Follonica: "Apprendiamo dal Comune di Piombino, - dice Danilo Baietti, consigliere comunale di Fratelli d'Italia Follonica - come dieci migranti, ospiti del centro "Le Caravelle", siano risultati positivi al tampone del Covid19 e, con maggiore sgomento, scopriamo come uno di essi( e speriamo solo uno) , nell'attesa dell'esito del tampone, si sia recato, in barba di ogni codice legale e morale, a Livorno e chissà da quali altre parti".
"Le Caravelle, - prosegue Baietti - sono una realtà su cui come Fratelli d'Italia abbiamo vigilato per anni, denunciando a più riprese: atti di violenza fra gli ospiti, reati di ogni genere, ma soprattutto, la doppia morale comunista delle precedenti amministrazioni piombinesi; a cui piaceva sventolare la bandiera dell'accoglienza senza però voler vedere davanti ai propri occhi e davanti agli sguardi dei propri elettori, il degrado e l'insicurezza che essa comporta se la gestione non è ottimale".
"E, siccome tale gestione non è ottimale, - denuncia il consigliere comunale di FDI - e probabilmente la sinistra piombinese era già a conoscenza di ciò, hanno pensato bene di collocare una polveriera a pochi chilometri da Follonica e a molti di più dal proprio capoluogo. A questo punto, finito il commissariamento a Follonica e riproposta la giunta, ci auguriamo di buon cuore che l'Amministrazione si sia attivata nel chiedere al gestore delle Caravelle ed al Comune di Piombino se, dei possibili contagiati o dei possibili soggetti entrati a contatto con i positivi, siano stati a vagabondare nel comune di Follonica. E se così fosse, o se la risposta non fosse certa, vorrebbe dire che questa Amministrazione come primo atto dovrebbe coordinarsi con il Sindaco di Piombino e ricercare un gestore che faccia rispettare l'ordine e la disciplina all'interno della struttura".

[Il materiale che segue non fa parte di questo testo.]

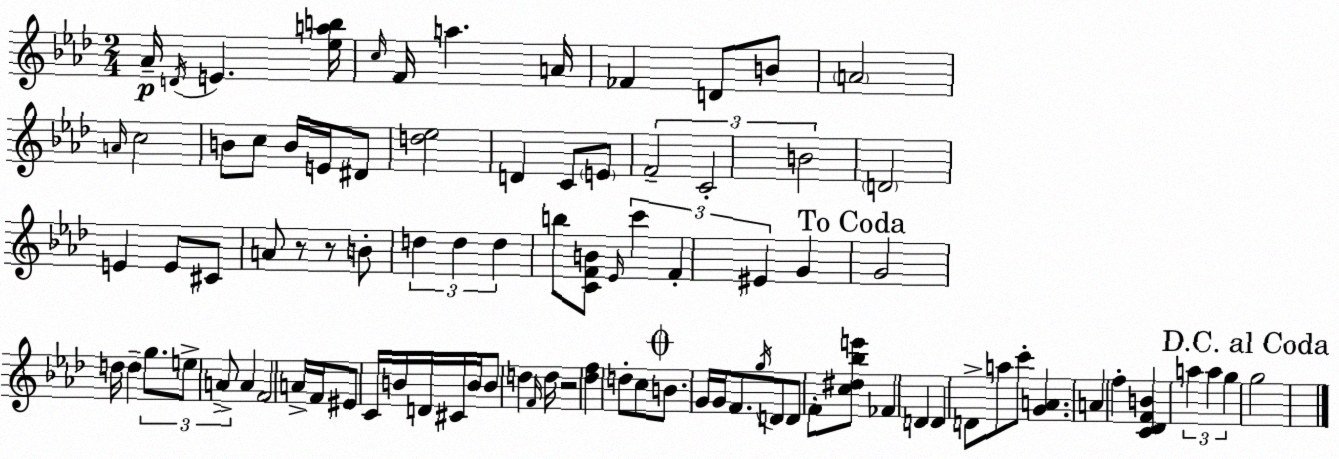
X:1
T:Untitled
M:2/4
L:1/4
K:Fm
_A/4 D/4 E [_eab]/4 c/4 F/4 a A/4 _F D/2 B/2 A2 A/4 c2 B/2 c/2 B/4 E/4 ^D/2 [d_e]2 D C/2 E/2 F2 C2 B2 D2 E E/2 ^C/2 A/2 z/2 z/2 B/2 d d d b/2 [CFB]/2 _E/4 c' F ^E G G2 d/4 d g/2 e/2 A/2 A F2 A/4 F/4 ^E/2 C/4 B/4 D/4 ^C/4 B/4 B/2 d F/4 d/4 z2 [_df] d/2 c/2 B/2 G/4 G/4 F/2 g/4 D/2 D/2 F/2 [c^d_be']/2 _F D D D/2 a/2 c'/2 [GA] A f [C_DFB] a a g g2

"O, nel caso che tale figura non esistesse, sarebbe opportuno chiudere quel centro, perché non è più possibile che la cittadinanza follonichese, a causa della passata vanagloria della sinistra piombinese, si faccia carico di una polveriera sociale e da pochi giorni anche sanitaria, alle porte delle proprie case e fin troppo vicino all'incolumità delle proprie famiglie". cos' conclude Danilo Baietti.